Then I ask you a question, do you think for ordering the temporary memory table, it will be what kind of algorithm to choose? Recall a conclusion on the article: For InnoDB tables, perform a full field ordering will reduce disk access
ask, therefore will be preferred.

I emphasize the "InnoDB table," you must think, for the memory table, back to the table process simply based on location data line, to get direct access to memory data, it will not lead to a multi-access disk. Optimizer does not this layer concerns,

Then it will be a priority, the line is used for sorting as small as possible, and therefore, MySQL will then select rowid sort.

2, randomly ordered complete process

Understand the logic of this algorithm selection, we look at the execution flow statement. At the same time, through this example today, we try to analyze the number of scanning lines of the statement.

The flow of execution of this statement is this:

1. Create a temporary table. The memory temporary table using the engine, table has two fields, a first field is of type double, described later, for convenience, referred to as the field R, the second field is varchar (64) type, referred to as a field W. Also, this table is not indexed.

2. Remove all the values of the primary key word order words from the table. Value for each word, calling rand () function generates a random decimal greater than 0 to less than 1, and this word are stored in a random decimal and temporary tables
    R and W fields, this scanning line number 10,000.

3. Now there are 10,000 temporary table rows of data, the next you do not want to index in this temporary table memory, according to field R sort.

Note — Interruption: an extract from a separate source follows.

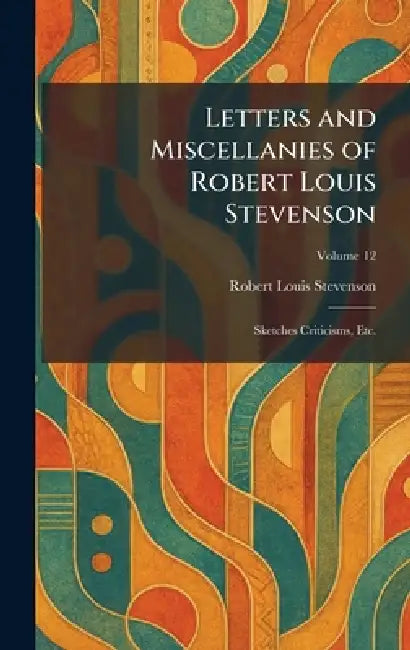 Letters and Miscellanies of Robert Louis Stevenson: Sketches Criticisms, Etc. by Robert Louis Stevenson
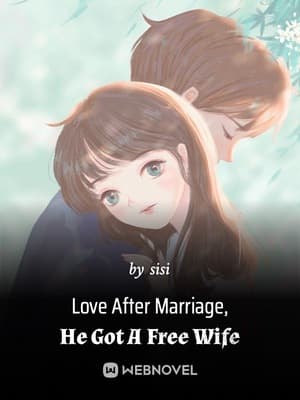 Love After Marriage, He Got A Free Wife audio latest full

4. Initialize sort_buffer. sort_buffer has two fields, a type double, the other is an integer.
5. Remove the R-value line by line and location information from memory temporary table (behind me and explain why you are here "position information"), respectively, into sort_buffer two fields. The process to do the whole table memory temporary table
    scans, this time to increase the number of scanning lines 10000, became 20,000.
6. sorted according to the value of R in sort_buffer. Note that this process is not related to the operation table, so it will not increase the number of scanning lines.
7. After sorting is complete, remove the top three results of the position information, the temporary memory table successively extracted word value back to the client.

1, recommended a learning method

This process, visit the three lines of data tables, the total number of scanning lines becomes 20003.

Next, we pass the slow query log (slow log) to verify the number of scanning lines to get our analysis is correct.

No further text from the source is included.